Thoracic Outlet Syndrome
Expert guidance from Mr Ashley Simpson, Consultant Peripheral Nerve Surgeon. Understanding symptoms, diagnosis, investigations, physiotherapy, surgery and referral routes for neurogenic and vascular thoracic outlet syndrome.

What Is Thoracic Outlet Syndrome?
Thoracic outlet syndrome, often shortened to TOS, is a group of conditions caused by compression of important nerves or blood vessels as they pass from the neck and chest into the arm.
The "thoracic outlet" is the narrow passage around the lower neck, collarbone, first rib and upper chest. Through this space pass the brachial plexus — the network of nerves supplying the arm and hand — as well as the subclavian artery and subclavian vein.
When these structures are compressed, irritated or stretched, patients can develop pain, heaviness, pins and needles, numbness, weakness, swelling, colour change or vascular symptoms in the arm.
TOS is often difficult to diagnose because symptoms may overlap with more common conditions such as cervical radiculopathy, carpal tunnel syndrome, cubital tunnel syndrome, shoulder pathology, complex regional pain syndrome or chronic neck and shoulder pain.
The Three Main Types of Thoracic Outlet Syndrome
TOS is not a single condition.

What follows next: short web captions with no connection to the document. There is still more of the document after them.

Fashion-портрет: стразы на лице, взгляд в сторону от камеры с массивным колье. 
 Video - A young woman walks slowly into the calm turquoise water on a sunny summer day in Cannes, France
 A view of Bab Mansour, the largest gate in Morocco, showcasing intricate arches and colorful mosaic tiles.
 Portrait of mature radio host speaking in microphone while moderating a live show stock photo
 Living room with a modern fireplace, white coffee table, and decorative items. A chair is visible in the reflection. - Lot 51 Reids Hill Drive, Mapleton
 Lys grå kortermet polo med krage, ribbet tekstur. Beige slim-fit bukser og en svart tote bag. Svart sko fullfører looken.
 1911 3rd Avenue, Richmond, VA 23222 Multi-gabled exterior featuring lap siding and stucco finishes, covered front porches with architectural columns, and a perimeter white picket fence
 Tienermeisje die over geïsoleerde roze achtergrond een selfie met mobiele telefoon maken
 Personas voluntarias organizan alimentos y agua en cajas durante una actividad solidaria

It is a group of related disorders, each involving a different structure and requiring a different management pathway.
Neurogenic TOS
Caused by compression or irritation of the brachial plexus. The most common form, accounting for the great majority of cases.
Patients often describe arm pain, heaviness, fatigue, tingling, numbness or weakness. Symptoms are often worse with the arms elevated, during overhead activity, driving, carrying, lifting, typing or sustained postures.

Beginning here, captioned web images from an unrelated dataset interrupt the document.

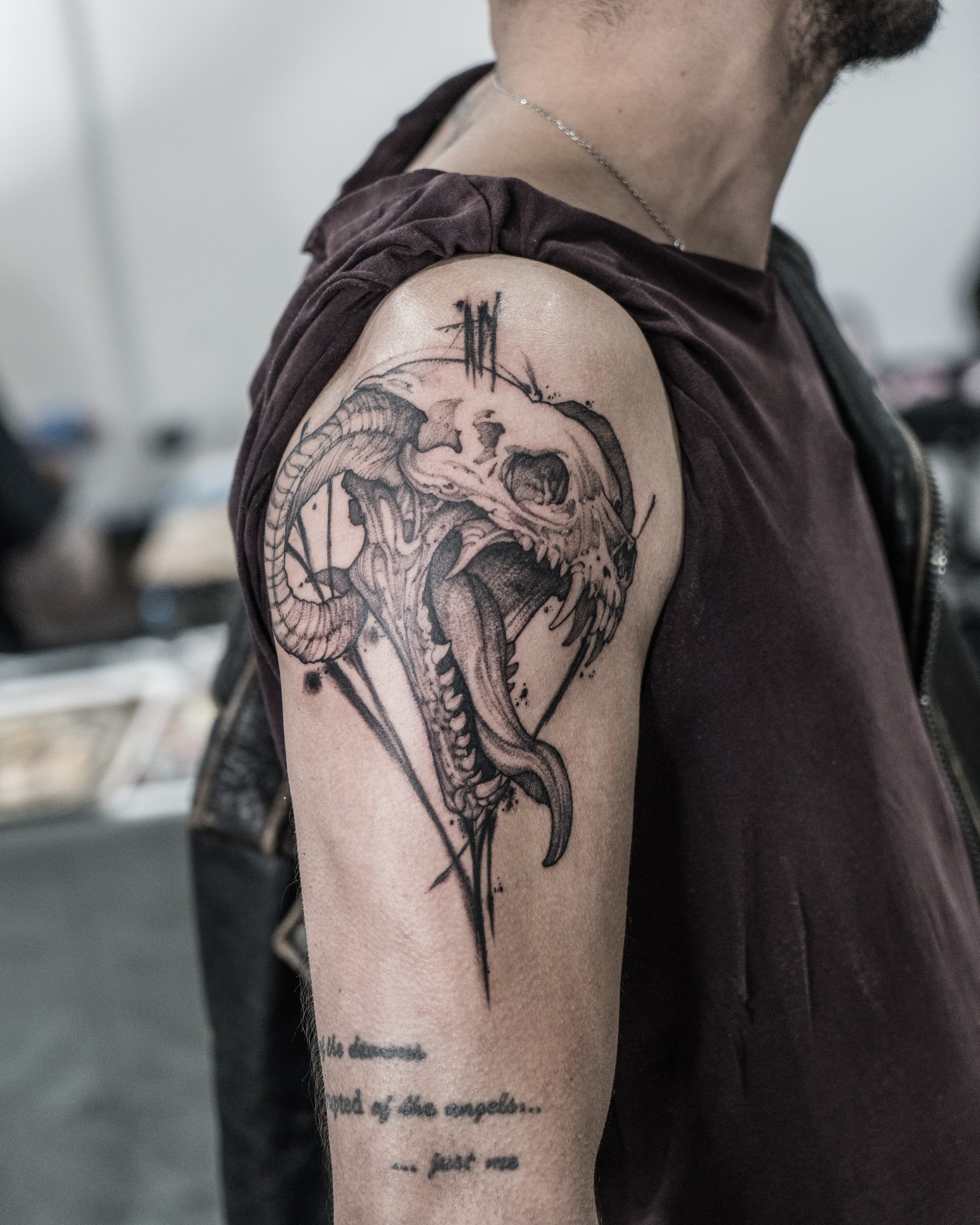 Black and grey Chimera skull tattoo with open mouth on upper arm by Jay C Tattoo, Brighton tattoo artist, UK
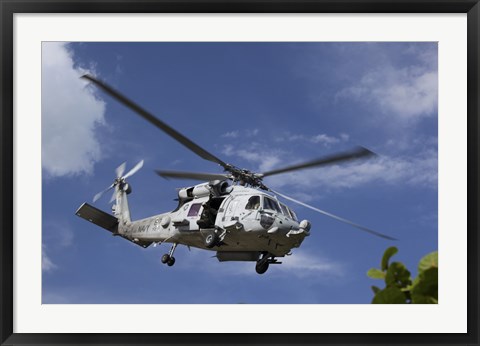 Framed Crew Chief looks out the side door of a helicopter in flight Print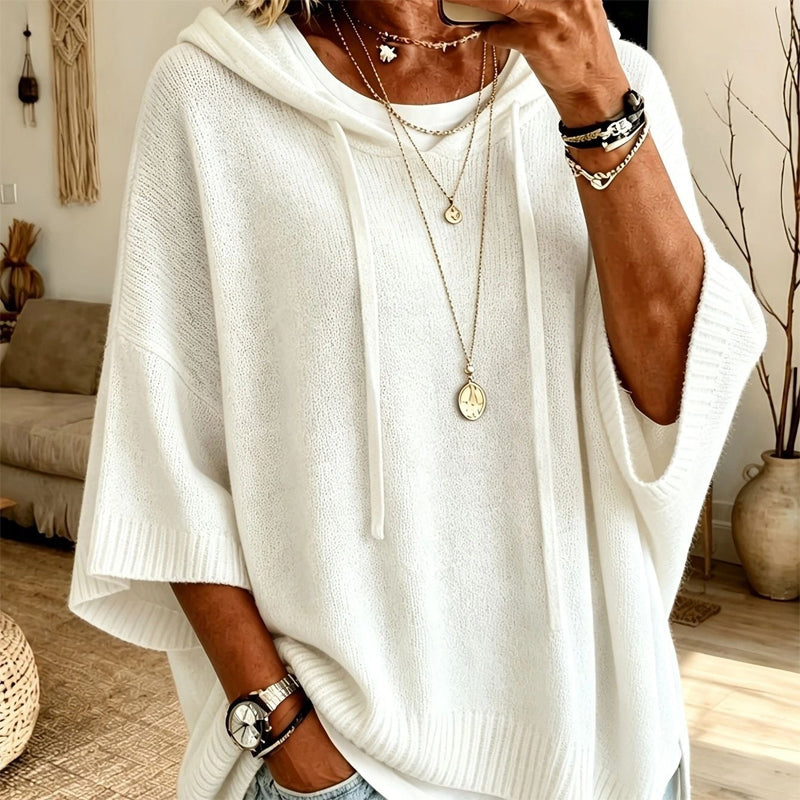 Torso view of the white hooded jumper with long drawstrings, ribbed trims and wide sleeves, worn with layered gold necklaces. 8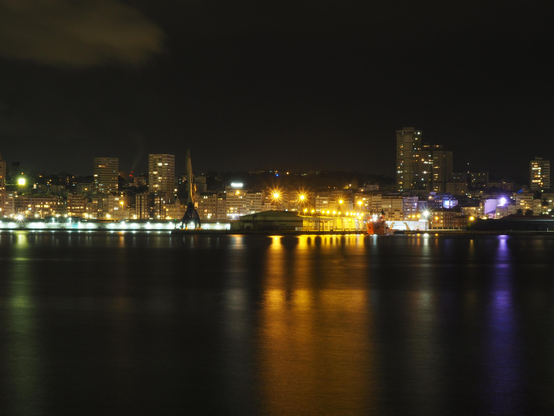 Foto noctura do Porto da Coruña, no centro da imaxe podemos ver as luces douradas do Peirao de Calvo Sotelo, a esquerda as luces brancas do Peirao do Centenario e por enriba deles no fondo vemos o "skyline" da cidade. Mais cerca de nos vemos as augas oscuras do porto iluminadas con reflexos.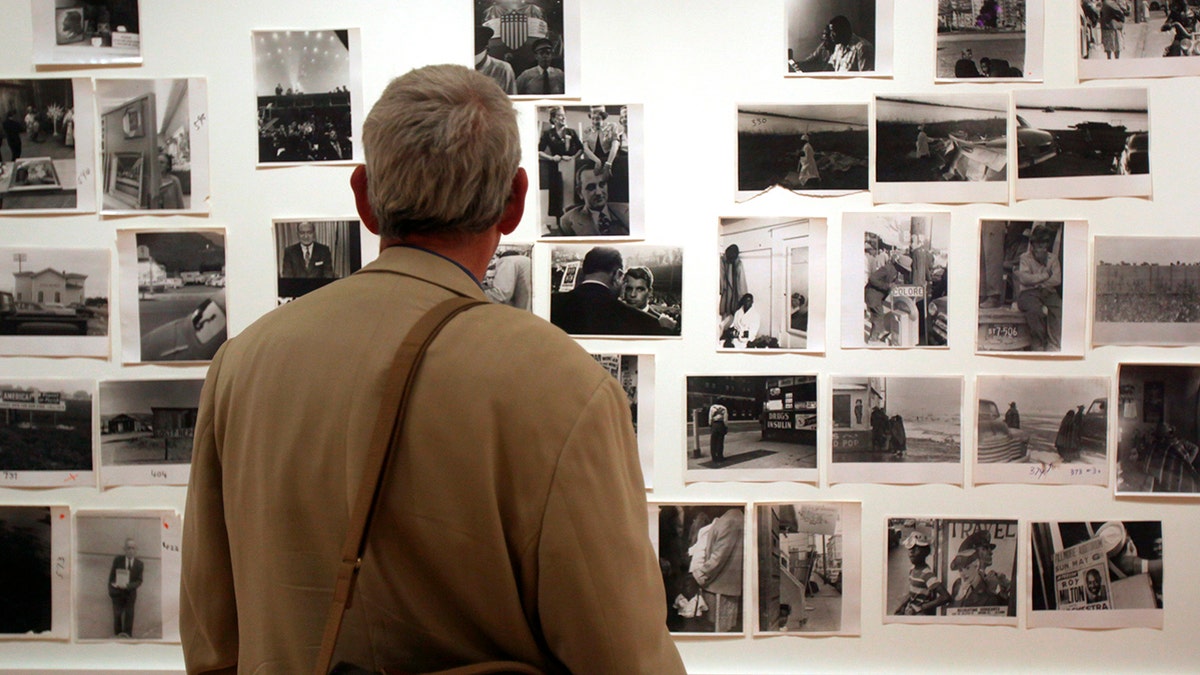 In this May 18, 2009 file photo, a man looks at prints from the Looking In: Robert Frank's "The Americans" exhibit at the Museum of Modern Art in San Francisco.?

The symptoms may not follow a single dermatome or one named peripheral nerve distribution. This non-dermatomal pattern is one reason neurogenic TOS is frequently missed.
Venous TOS
Involves compression of the subclavian vein. May present with sudden arm swelling, heaviness, cyanosis or visible veins around the shoulder and chest wall.
Can occur after strenuous or repetitive upper limb activity. This may represent effort thrombosis, also called Paget-Schroetter syndrome.

Suspected venous TOS requires urgent vascular assessment.
Arterial TOS
Rare but important. Involves compression or damage to the subclavian artery, often associated with a cervical rib, anomalous first rib or fibrous band.
Patients may develop a cold, pale hand, weak pulses, digital colour change, pain with exertion, embolic symptoms or signs of limb ischaemia.

Suspected arterial TOS requires urgent vascular referral.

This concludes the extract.